Fourth-quarter comparable sales increased 4.1% in the quarter and accelerated to a two-year stack of 8.5%.
“Our performance clearly indicates that our commitment to reducing expenses, while driving our strategic framework of private brands,” Ellison explained. “Omnichannel revenue per customer is paying off. For the full year, we met or exceeded all components of our guidance and delivered 155% increase in adjusted EBITDA for the year.”
Ellison said that J.C. Penney gained market share throughout 2015 and offered basic reasons why the company’s fourth-quarter and full-year results outperformed the market.
“First, we’re regaining market share from that was lost from 2011 through 2013,” he explained. “Our intense focus on value is bringing these customers back to J.C. Penney.
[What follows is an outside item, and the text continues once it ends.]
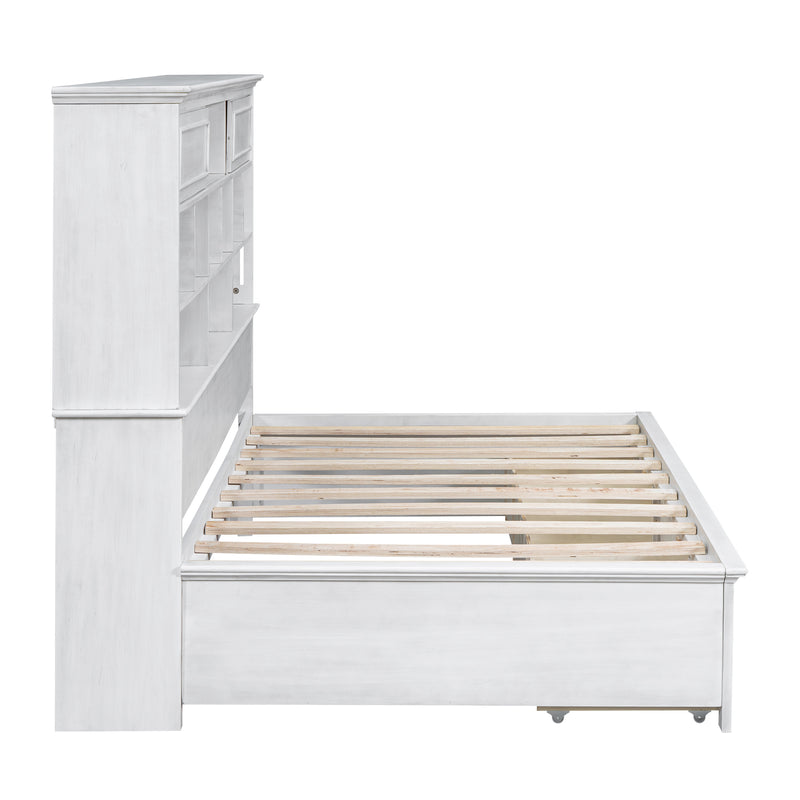 Twin Size Wood Daybed with Multi-Storage Shelves, Charging Station and 3 Drawers, Antique White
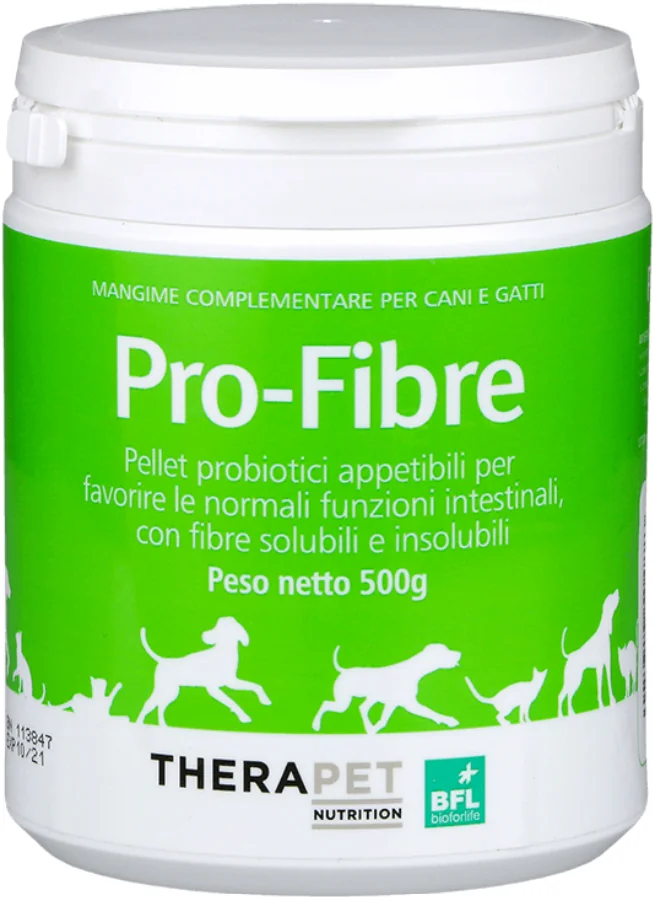 Pro-Fibre Therapet 500 g Per le Normali Funzioni Intestinali di Cani e Gatti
Second, Sephora inside J.C. Penney continues to be a point of differentiation. And we’ll continue to gain market share by organically growing sales in existing stores and by adding new locations. Third, the re-establishment of key private and exclusive brands like St. John’s Bay, Royal Velvet, Cooks, and Ambrielle and delivering new brands like the Collection by Michael Strahan, Disney Apparel by Okie Dokie and BELLE + SKY has resonated with existing customers and attracted new customers.”
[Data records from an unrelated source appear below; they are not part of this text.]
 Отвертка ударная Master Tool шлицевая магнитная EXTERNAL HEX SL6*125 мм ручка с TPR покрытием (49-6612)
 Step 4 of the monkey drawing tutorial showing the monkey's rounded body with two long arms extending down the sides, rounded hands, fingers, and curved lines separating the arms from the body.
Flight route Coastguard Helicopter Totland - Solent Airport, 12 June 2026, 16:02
Fourth, “we’re repairing a broken online business,” Ellison added. “And in the second half of 2015, we developed true omnichannel capabilities. And the development of these capabilities will allow us to share inventory between brick-and-mortar and store locations with our dot-com area and have seamless connections with our customers, how, and when, and where she wants to shop. These new capabilities allowed us to deliver record holiday online sales in the fourth quarter and we’ll continue to have plenty of upside to grow. And fifth, we’re using data to our advantage. Although many results will cite big data as a growth vehicle, I would argue that no modern retailer was as far behind with using data as J.C. Penney between 2011 and 2014. In the first half of 2015: Our store assortments and pricing were not localized; our credit penetration was at an industry low; and our marketing strategy was outdated, which resulted in a low return on ad spend. Therefore, we recruited talented leaders in 2015 and began taking steps in the fall season to modernize our approach to customer and pricing data.”
In the fourth quarter, Ellison added: “This allowed us to improve our return on ad spend, better manage our seasonal markdowns and improve our credit penetration. We also began the process to assort our stores based on local needs and better understanding the pricing elasticity to remain competitive, while protecting our bottom line. Although localization and data analytics are not groundbreaking retail initiatives, they are new to J.C. Penney and will be significantly accretive to our business. Because of these reasons and many more, we’re confident that we have the ability to grow top line and improve our gross margin over the next three years.”